The Chabad Bukharian Center (CBC) is planning to host a celebration at its building on N. Sixth Place in Phoenix sometime in the next few months. The CBC is the new iteration of what had been the Bukharian Jewish Congress of Arizona, which closed its doors in 2021.

Nisan Zadikov, who founded the original Bukharian synagogue in 2005, will attend the opening celebration with his wife, Revital. They moved to California in 2020 but want to return to celebrate with members of their former community.

The reopening of the synagogue is thanks to the partnership of Ohr Avner Foundation, a philanthropic entity of Israeli billionaire and émigré from the former Soviet Union, Lev Leviev, and Chabad of Arizona. Both organizations stepped in to purchase the Phoenix property and renew the Bukharian community that had belonged to the Bukharian Jewish Congress for more than a decade.

Rabbi Emanuel Shimonov is the center’s new spiritual leader. Originally from Calgary, Canada, Shimonov has studied all over the globe, and he led services for the community during the recent High Holidays.

“This Chabad center is here to help the Bukharian youth,” Shimonov told Jewish News.

The center is now hosting programs for young adults every Wednesday and plans to start a weekly program for teens.

“Our goal is to work with the younger generation of Bukharians,” Shimonov said.

“I am really happy that this is happening,” Zadikov said. “We already spoke with people who left and are now coming back.”

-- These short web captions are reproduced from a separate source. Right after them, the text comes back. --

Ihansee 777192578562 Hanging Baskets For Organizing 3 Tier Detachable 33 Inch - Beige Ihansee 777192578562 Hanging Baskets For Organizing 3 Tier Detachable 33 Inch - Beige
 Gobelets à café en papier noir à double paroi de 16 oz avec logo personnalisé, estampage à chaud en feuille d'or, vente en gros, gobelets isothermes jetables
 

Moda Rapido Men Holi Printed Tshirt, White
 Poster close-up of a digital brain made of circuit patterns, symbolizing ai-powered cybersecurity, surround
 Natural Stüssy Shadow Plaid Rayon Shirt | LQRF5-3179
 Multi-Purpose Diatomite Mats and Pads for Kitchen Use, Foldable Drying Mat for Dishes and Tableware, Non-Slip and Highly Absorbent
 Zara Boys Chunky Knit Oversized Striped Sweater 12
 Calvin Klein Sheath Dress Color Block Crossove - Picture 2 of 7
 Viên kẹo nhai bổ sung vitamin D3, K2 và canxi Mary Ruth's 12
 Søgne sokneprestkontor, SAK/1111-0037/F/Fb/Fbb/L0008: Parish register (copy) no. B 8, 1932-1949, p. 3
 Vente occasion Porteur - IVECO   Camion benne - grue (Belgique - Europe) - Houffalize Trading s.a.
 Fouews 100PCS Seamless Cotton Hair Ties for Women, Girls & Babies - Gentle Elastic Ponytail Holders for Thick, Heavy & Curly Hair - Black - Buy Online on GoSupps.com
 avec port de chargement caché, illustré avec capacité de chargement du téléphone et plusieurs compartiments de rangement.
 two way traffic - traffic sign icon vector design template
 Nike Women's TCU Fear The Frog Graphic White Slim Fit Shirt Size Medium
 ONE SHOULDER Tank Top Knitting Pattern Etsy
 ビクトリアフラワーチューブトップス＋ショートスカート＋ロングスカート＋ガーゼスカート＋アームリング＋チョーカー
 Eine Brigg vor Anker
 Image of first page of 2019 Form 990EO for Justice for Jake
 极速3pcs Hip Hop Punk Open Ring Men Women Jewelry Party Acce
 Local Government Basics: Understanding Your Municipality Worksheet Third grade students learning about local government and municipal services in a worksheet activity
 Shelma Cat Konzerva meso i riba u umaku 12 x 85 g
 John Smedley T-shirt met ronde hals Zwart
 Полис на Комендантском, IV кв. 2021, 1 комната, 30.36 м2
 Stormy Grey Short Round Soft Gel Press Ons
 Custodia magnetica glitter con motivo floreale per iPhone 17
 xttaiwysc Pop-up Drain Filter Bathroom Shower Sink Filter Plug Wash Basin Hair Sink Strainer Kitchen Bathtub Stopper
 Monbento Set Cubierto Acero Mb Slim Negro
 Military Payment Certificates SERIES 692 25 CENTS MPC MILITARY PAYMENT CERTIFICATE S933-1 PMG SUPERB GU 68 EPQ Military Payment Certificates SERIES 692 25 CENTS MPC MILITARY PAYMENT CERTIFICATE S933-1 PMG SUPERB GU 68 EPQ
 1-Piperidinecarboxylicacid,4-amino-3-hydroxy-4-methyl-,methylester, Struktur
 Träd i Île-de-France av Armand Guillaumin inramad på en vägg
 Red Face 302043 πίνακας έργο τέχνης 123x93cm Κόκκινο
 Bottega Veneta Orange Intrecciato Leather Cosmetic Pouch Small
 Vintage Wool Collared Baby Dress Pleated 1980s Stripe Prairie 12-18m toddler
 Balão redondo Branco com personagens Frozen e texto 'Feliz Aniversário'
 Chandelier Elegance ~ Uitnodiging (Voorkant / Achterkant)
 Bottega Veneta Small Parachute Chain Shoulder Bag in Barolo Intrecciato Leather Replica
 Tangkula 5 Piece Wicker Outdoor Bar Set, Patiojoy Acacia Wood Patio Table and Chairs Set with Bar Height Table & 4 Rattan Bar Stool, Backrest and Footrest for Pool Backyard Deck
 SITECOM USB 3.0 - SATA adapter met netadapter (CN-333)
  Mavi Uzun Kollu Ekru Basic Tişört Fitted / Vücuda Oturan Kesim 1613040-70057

In the early 1990s, a few Jewish Bukharian families moved to Phoenix from New York in search of affordable housing and a warmer climate. Today, Phoenix has the largest Bukharian Jewish community in North America outside of New York.

In 1989, just before the dissolution of the Soviet Union, the majority of the world’s Bukharian Jews — around 50,000 — lived in Uzbekistan and Tajikistan.

After the collapse of the Soviet Union, the majority of Bukharian Jews immigrated en masse to the United States and Israel. Today, less than 200 Bukharian Jews remain in the region and the three largest Bukharian Jewish communities in the world are in Israel, New York and Phoenix, according to cultural anthropologist Alanna Cooper, Ph.D., the Abba Hillel Silver Chair in Jewish Studies at Case Western Reserve University in Cleveland and author of “Bukharan Jews and the Dynamics of Global Judaism.”